Yes, it is hard to look beyond Nadal in Barcelona, especially after the withdrawal of the only other multiple champion in Barcelona, Kei Nishikori, with injury.
Hard too to avoid fellow Spanish contenders among the 48. There are six Spanish seeds among 11 in the draw, including Albert Ramos-Vinolas, ranked at a career-high 19 after his giant-killing efforts in Monte-Carlo where he fell short against Nadal in the final.
But aside from the Spanish interest in the bottom half of the draw, where both David Ferrer and Nicolas Almagro were brushed out of Spanish contention in the second round, there is another important storyline to follow at the top of the draw.

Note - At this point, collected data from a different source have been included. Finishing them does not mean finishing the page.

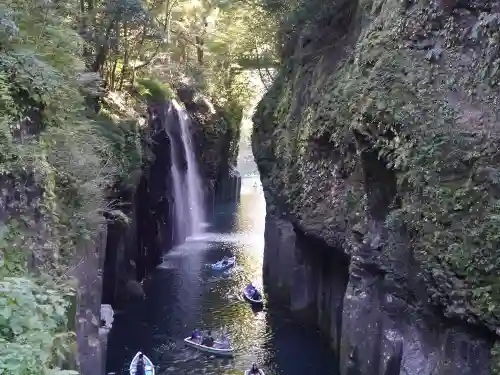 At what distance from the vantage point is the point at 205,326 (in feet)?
72.1

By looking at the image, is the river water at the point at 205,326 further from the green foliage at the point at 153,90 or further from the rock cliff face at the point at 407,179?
the green foliage at the point at 153,90

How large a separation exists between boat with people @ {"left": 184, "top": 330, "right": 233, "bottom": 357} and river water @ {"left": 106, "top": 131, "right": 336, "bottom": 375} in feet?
0.74

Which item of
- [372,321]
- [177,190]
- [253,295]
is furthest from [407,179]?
[177,190]

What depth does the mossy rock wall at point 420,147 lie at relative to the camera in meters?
10.8

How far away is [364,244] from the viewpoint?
15.0 metres

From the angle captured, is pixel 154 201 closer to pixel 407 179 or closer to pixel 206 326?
pixel 206 326

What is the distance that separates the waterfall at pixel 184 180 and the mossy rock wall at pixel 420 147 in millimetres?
17450

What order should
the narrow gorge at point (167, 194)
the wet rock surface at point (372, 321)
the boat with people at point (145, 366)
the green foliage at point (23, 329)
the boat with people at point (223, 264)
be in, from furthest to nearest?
the boat with people at point (223, 264) → the narrow gorge at point (167, 194) → the boat with people at point (145, 366) → the wet rock surface at point (372, 321) → the green foliage at point (23, 329)

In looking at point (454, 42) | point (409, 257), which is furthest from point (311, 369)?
point (454, 42)

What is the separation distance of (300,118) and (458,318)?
12.3 meters

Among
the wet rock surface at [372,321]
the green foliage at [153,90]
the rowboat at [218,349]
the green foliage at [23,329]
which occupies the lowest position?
the rowboat at [218,349]

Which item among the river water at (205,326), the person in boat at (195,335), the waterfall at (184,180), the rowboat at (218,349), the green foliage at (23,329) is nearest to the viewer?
the green foliage at (23,329)

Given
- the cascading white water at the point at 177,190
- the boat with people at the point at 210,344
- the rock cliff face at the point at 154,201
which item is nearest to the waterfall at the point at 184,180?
the cascading white water at the point at 177,190

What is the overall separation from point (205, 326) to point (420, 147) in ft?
42.0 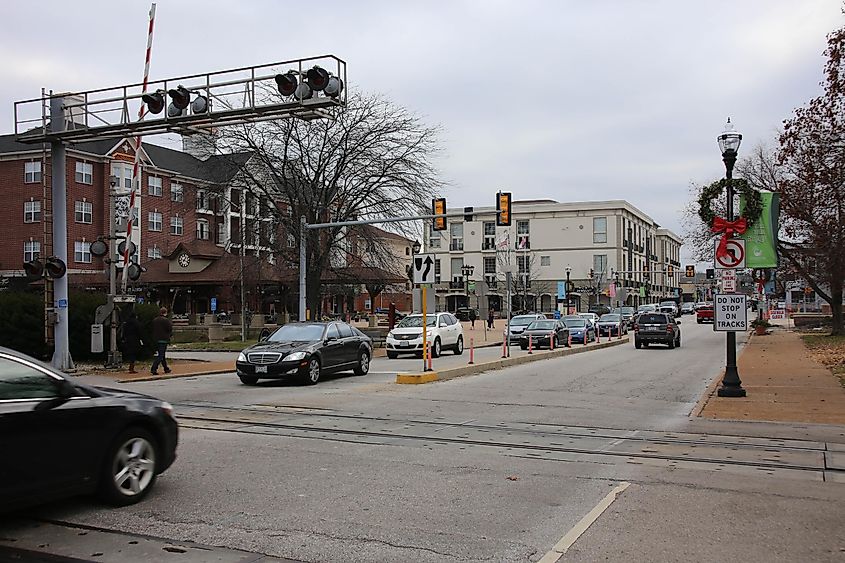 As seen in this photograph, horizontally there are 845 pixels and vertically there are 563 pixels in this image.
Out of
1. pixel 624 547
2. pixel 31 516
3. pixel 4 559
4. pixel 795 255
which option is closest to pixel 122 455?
pixel 31 516

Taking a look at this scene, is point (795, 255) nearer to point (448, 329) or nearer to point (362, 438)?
point (448, 329)

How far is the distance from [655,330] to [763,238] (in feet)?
73.0

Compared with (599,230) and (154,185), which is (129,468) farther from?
(599,230)

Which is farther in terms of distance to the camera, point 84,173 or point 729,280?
point 84,173

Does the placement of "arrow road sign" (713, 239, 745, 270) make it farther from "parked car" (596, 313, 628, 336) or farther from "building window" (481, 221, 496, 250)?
"building window" (481, 221, 496, 250)

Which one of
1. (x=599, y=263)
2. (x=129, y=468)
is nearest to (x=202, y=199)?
(x=129, y=468)

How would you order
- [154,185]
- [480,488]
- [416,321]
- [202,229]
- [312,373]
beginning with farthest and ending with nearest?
[202,229] → [154,185] → [416,321] → [312,373] → [480,488]

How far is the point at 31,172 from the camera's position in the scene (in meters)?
58.1

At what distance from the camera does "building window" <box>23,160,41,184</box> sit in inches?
2274

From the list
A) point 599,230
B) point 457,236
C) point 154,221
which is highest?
point 599,230

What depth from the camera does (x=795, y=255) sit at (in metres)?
44.9

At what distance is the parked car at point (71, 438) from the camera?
6.19 metres

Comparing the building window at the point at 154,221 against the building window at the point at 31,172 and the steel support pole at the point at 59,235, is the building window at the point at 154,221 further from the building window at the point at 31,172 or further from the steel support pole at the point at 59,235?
the steel support pole at the point at 59,235

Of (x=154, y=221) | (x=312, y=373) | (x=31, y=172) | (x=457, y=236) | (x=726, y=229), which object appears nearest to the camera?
(x=726, y=229) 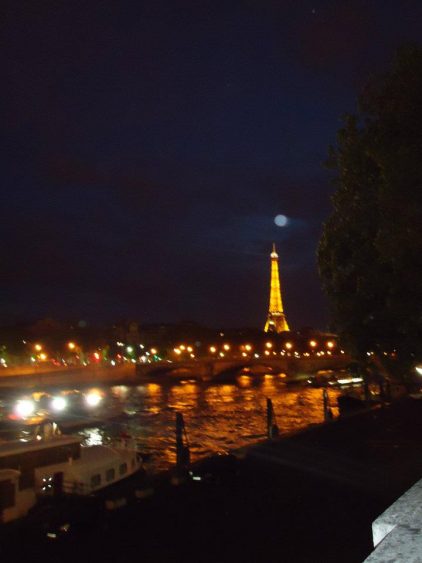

World No1 Andy Murray may not be Spanish, but he has abiding and happy memories of this city and its courts. He was only 15 when he left Scotland to try and fulfil his potential and ambitions at the Sanchez-Casal Academy, where he has been practising this week after taking a wild card into the Barcelona tournament.
He told ATPWorldTour.com: “I was here in Barcelona for two years and I loved it. It was the first time that I was away from my family home and even though it was hard, it was the first time I’d tasted independence. I would say that they were two of the best years of my life.
“I have great memories, not only from training and living here, but also because I played my first professional match on one of these courts, and I remember it well.”
He was 17 when he played that first match, ranked 397, and actually won the first set against the 79-ranked Jan Hernych before losing in three.
And soon after turning 18 in May that same year, he was already showing signs of what was to come: A third-round run at both Queen’s and Wimbledon, the final in Bangkok, losing to Federer, ending the year in the quarters of Basel and at 70 in the rankings.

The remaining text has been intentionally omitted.